GIANLUCA BOSIA
Editoriale e Commento

Adottivo non è un marchio sociale

L’uso dell’aggettivo è spesso usato quando non serve ma per marcare una sorta di diversità di genere

Ci risiamo. La cronaca giornalistica ci consegna decine di articoli dove, dal titolo al "pezzo", a fianco del sostantivo padre, madre e figlio c'è l'aggettivo adottivo utilizzato solo  per marcare una sorta di diversità. Presunta diversità che non è, giustamente, accettata o politicamente ritenuta corretta in altri contesti: nessuno scriverebbe mai - tranne nella cloaca social - padre di un figlio gender o colpevole di mamma single oppure prodotto di una educazione non tradizionale o incrocio di razze. Ovviamente l'aggettivo adottivo vale per la tristissima storia di Cremona, ma qui il discorso è altro, e l'uso è giusto e legittimo. Figlio o genitore biologico è utilizzato ma solo se si tratta di una saga famigliare magari con una ricca eredità e una pelosa strizzatina d'occhio a un tradimento tra marito e moglie o viceversa.

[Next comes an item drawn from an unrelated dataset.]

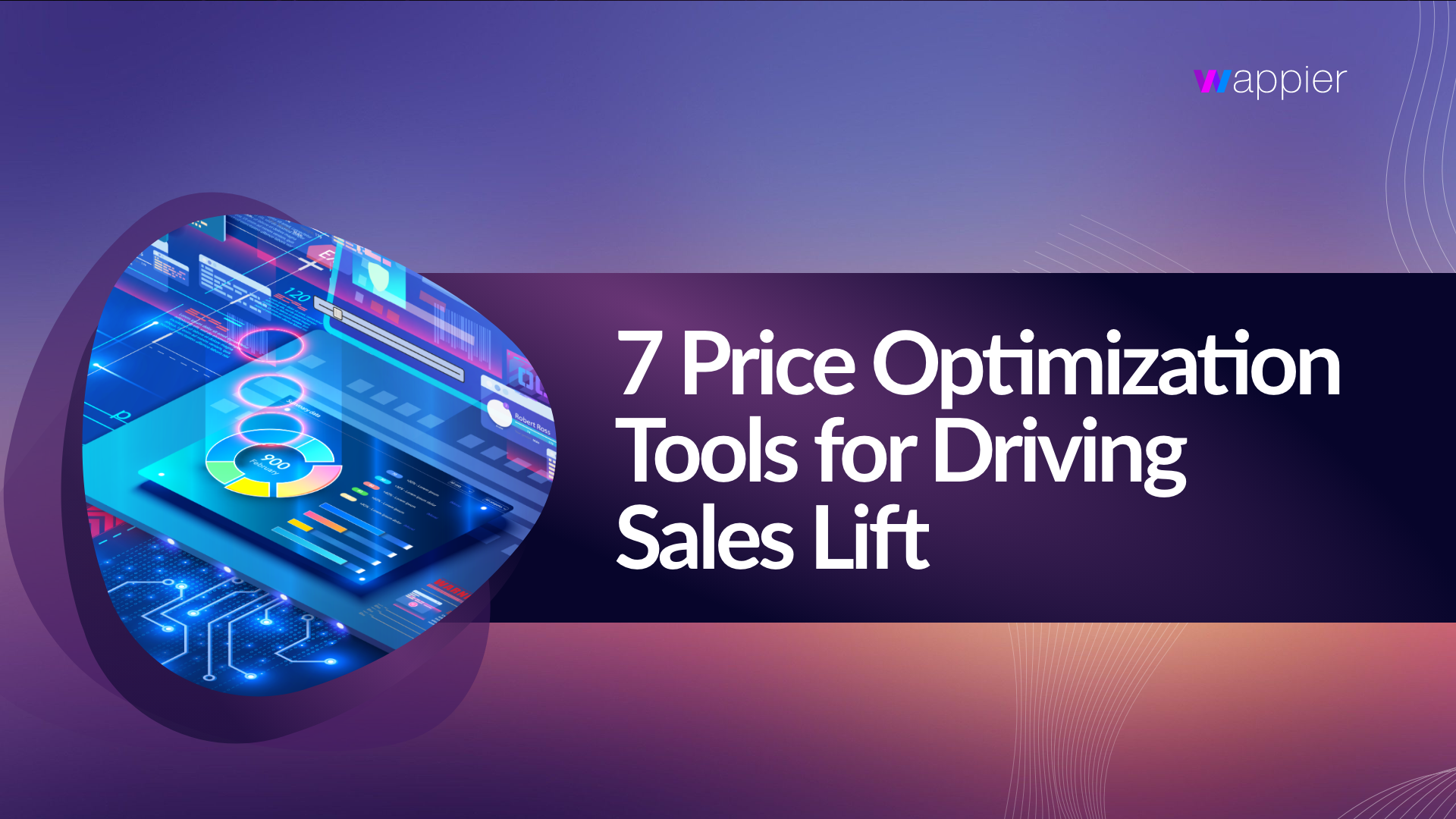 image for wappier article '7 Price Optimization Tools for Driving Sales Lift'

Però essere genitore adottivo o figlio adottato è un elemento ritenuto fondamentale nella narrazione della cronaca soprattutto nera. Marchio di infamia, pietismo o acchiappa click? L'ultima ipotesi non è escludibile, anzi, ma probabilmente in questo caso entrano in gioco ignoranza o retaggio di un passato tra il patriarcale e il non sapere cosa significhi adozione: incontro e famiglia, esattamente come sessualmente procreare solo con più emozione e meno coinvolgimento fisico diretto.

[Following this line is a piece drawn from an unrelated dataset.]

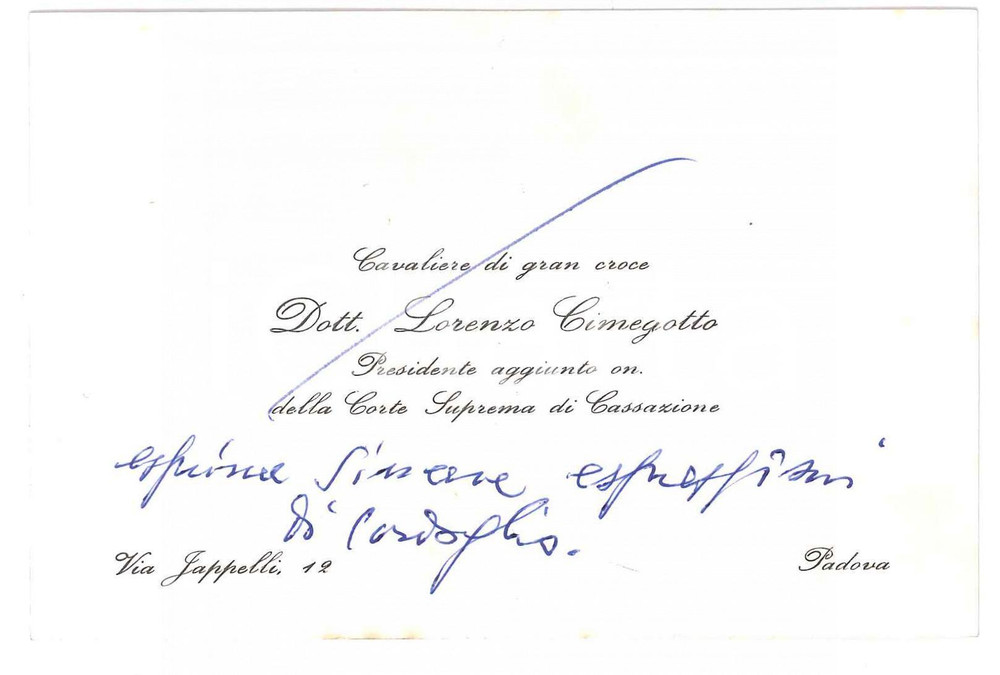 Autografo originale 1975 ca PADOVA Lorenzo CIMEGOTTO Presidente aggiunto Corte Cassazione Autografo 1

E allora chiariamo una volta per tutte: non è uno stato sociale l'essere genitori o ragazzi adottivi. Esistono solo - anche per legge - padre, madre e figlio. Magari con problemi diversi rispetto ai "biologici" non fosse altro perché il percorso genitoriale è inevitabilmente particolare e il passato dei ragazzi spesso segnato da orrori. Spezzoni di vita che per loro natura figli e genitori biologici, per loro fortuna, raramente hanno vissuto.